Why it's manipulated? Probably Windows rotates photo according to rotation tag from the camera.
Photo can be rotated losslessly in two ways (maybe more?). One is Exif rotation tag. It's just data for image browser that it should show image rotated. Second one manipulates image data ("real" rotation), but without loosing data*. If you see both photos rotated it means that one have Exif rotation tag and second one is really rotated by Windows. If your image browser have Exif rotation tag support, you'd see both photos the same.
Why size has changed? It's hard to tell without file. I'd say it's thumbnail. Some cameras adds really big thumbnail to JPEG files and Windows either removes it or changes it to own. In this case photo wouldn't be touched, but metadata - precisely "photo in photo". You can look at the exiftool info (exiftool filename.jpg
) and compare if metadata got changed. Look especially at info about binary data. Or you can send here two files - rotated and original - and I'll check this out.

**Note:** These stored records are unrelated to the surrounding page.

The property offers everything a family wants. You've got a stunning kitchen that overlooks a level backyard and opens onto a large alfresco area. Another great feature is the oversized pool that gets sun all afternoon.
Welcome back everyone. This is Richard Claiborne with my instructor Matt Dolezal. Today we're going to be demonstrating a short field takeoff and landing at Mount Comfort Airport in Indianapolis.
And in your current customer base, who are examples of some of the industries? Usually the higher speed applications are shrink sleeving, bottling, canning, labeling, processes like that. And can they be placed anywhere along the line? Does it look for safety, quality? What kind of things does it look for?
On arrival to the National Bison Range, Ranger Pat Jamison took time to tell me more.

JPEG compression - I doubt that Windows recompresses your JPEGs. In this case it probably does only lossless operations, so only metadata is changed.

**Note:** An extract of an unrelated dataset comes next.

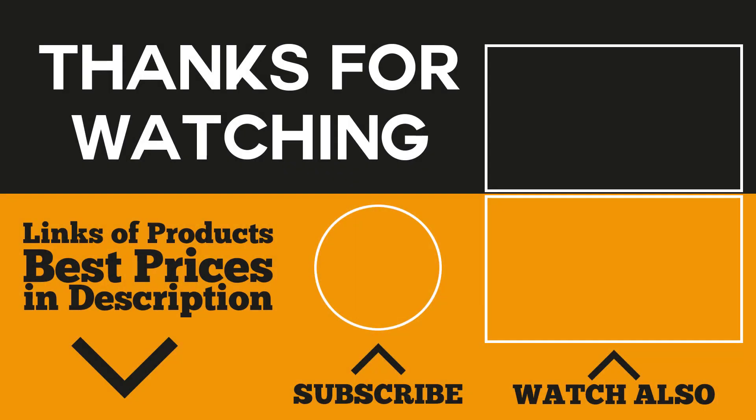That would be all for this video. Thanks for watching and if you liked it, go ahead and give it a like. If you're new to the channel, consider subscribing so you don't miss anything. If you're interested in finding the best prices for the products mentioned in the video, be sure to check the links in the description and comment section below.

I recommend getting photos by yourself, without using any tools - nor Windows, nor these from camera producer.
BTW if you want, you can remove these tags (command works recursively for all files with .jpg extension, starting from current directory):
exiftool -preserve -EXIF:Software= -if "$EXIF:Software =~ /(^Microsoft Windows Photo Viewer)/" -r -ext jpg .
exiftool -preserve -XMP:CreatorTool= -if "$XMP:CreatorTool =~ /(^Microsoft Windows Photo Viewer)/" -r -ext jpg .
And if everything will be fine, remove backups by using
exiftool -delete_originals -r -ext jpg .
*
imagine square tiles with 8x8 px images on each of them - then rotate each one - that's what Windows does. The problem is when tiles aren't 8x8, i.e. you can't divide height or width by 8. Then Windows recompresses file.